The thing about 7nm chips is that they are only 1 major step (each taking about 2 years) behind the current 4nm Blackwell, and only 2 major steps behind the future 3nm Rubin. Which puts them at merely ~4x price-performance disadvantage (compared to Rubin, in the critical window of 2027-2028), while functionally the large world size of CloudMatrix 384 should in principle allow anything that Nvidia hardware allows to do (in practice it might be much less reliable, and programming it might be more difficult). And that’s not counting the Nvidia tax, which might reduce the disparity in half, turning the ~4x cheaper (per FLOP/s) hypothetical zero margin Rubin systems of 2027-2028 into merely ~2x cheaper (than CloudMatrix 384).
- Isopropylpod 15 May 2025 17:16 UTC
  1 point
  0
  Parent
  Trainium is mostly a joke, but I do agree about the Chinese firms moving away from Nvidia dependence. They will also likely have sufficient capital, but will ultimately lack data (though may be able to make up for it with the insane talent they have? If timelines end up long I can easily see China pulling ahead simply due to their prior focus on education and talent paying off long-term)
  - Vladimir_Nesov 15 May 2025 18:00 UTC
    4 points
    0
    Parent
    
    Trainium is mostly a joke
    
    I think it can help AWS with price-performance for the narrow goal of giant pretraining runs, where the capex on training systems might be the primary constraint on scaling soon.
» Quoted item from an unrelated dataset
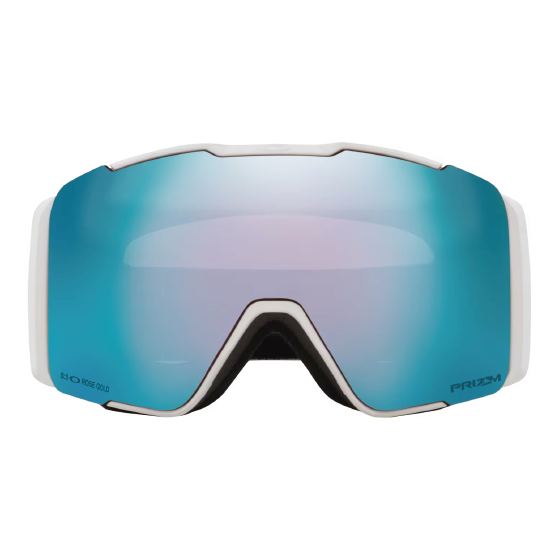 OAKLEY ゴーグル オークリー LINE MINER PRO M AF WHITE 0OO7144A-07 26-27 スノーボードゴーグル 日本正規品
For reasoning training (if it does scale), building a single training system is less relevant, the usual geographically distributed inference buildout that hyperscalers are doing anyway would be about as suitable. And the 400K chip Rainier system indicates that it works well enough to ramp (serving as a datapoint in addition to on-paper specification).
    
    Chinese firms … will ultimately lack data
    
    I don’t think there is a meaningful distinction for data, all natural text data is running out anyway around 2027-2029 due to data inefficiency of MoE. No secret stashes at Google or Meta are going to substantially help, since even 10T-100T tokens won’t be changing the game.
    - Isopropylpod 16 May 2025 2:24 UTC
      3 points
      0
      Parent
      You’re right about text, but Google has privileged access to YouTube (A significant % of all video ever recorded by humans)